→ What you are asked to do
Recreate the listing that follows line for line, without pictures.

→ Data segment
BEGIN
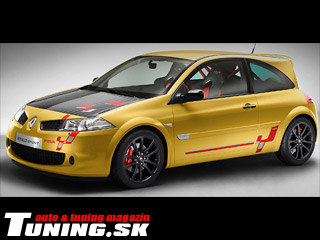 Renault M�gane R26.R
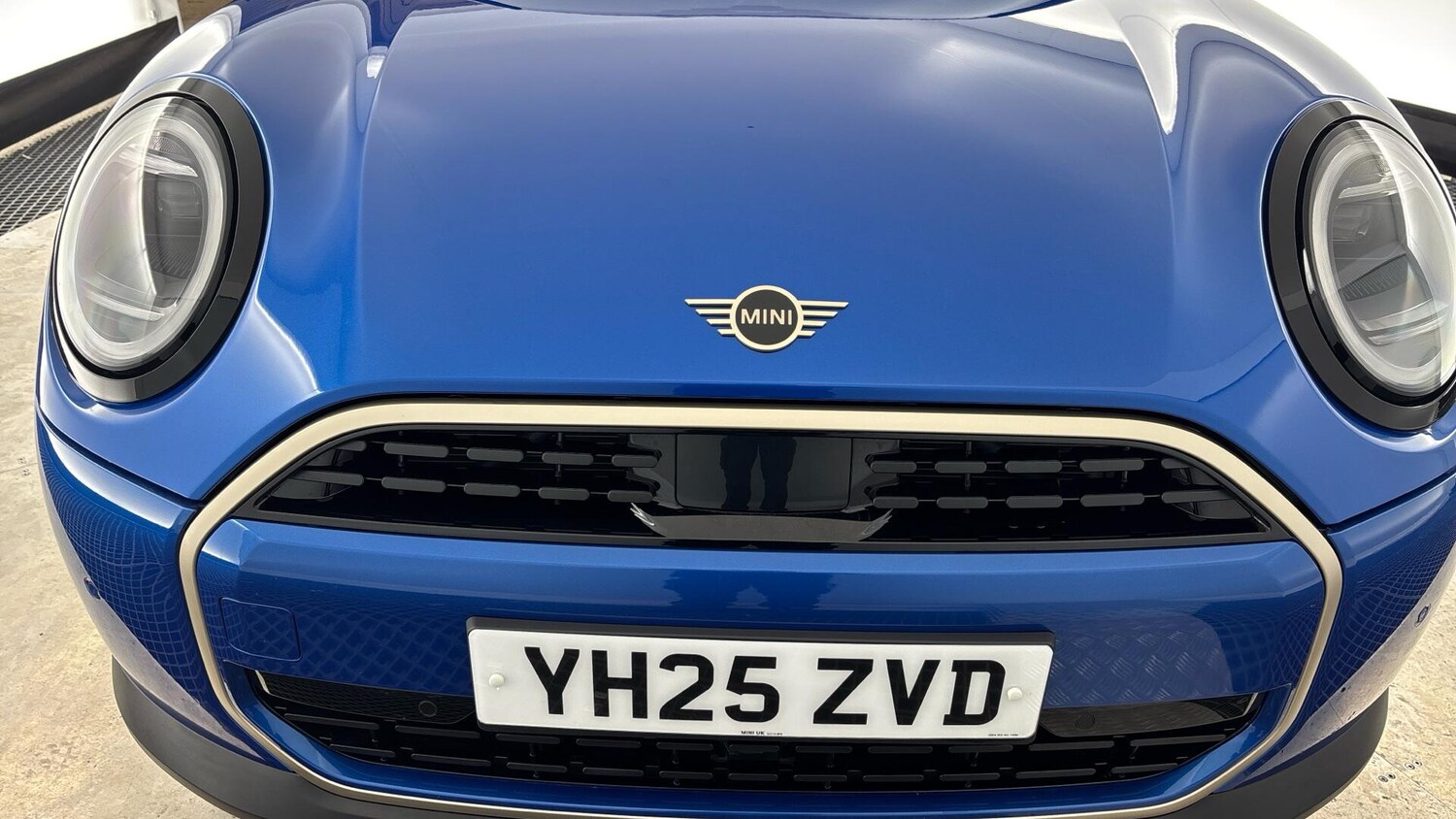 Used MINI Cooper 2025 for sale - 76760052: Photo 26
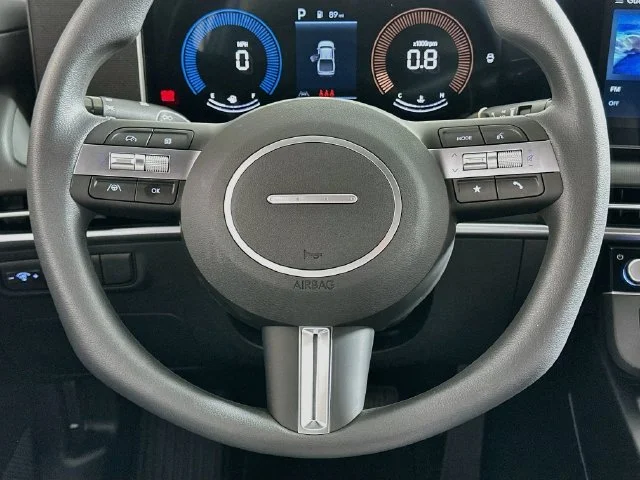 New 2027 Hyundai SANTA CRUZ SE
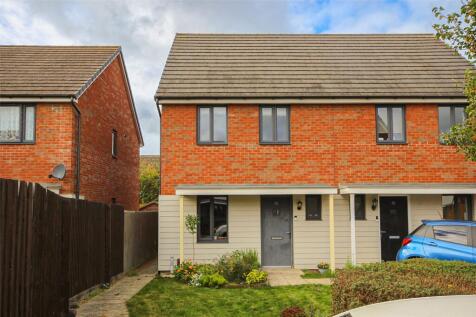 Arthur Black Way, Wootton, Bedford, Bedfordshire, MK43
END
→ Expected answer
 Renault M�gane R26.R
 Used MINI Cooper 2025 for sale - 76760052: Photo 26
 New 2027 Hyundai SANTA CRUZ SE
 Arthur Black Way, Wootton, Bedford, Bedfordshire, MK43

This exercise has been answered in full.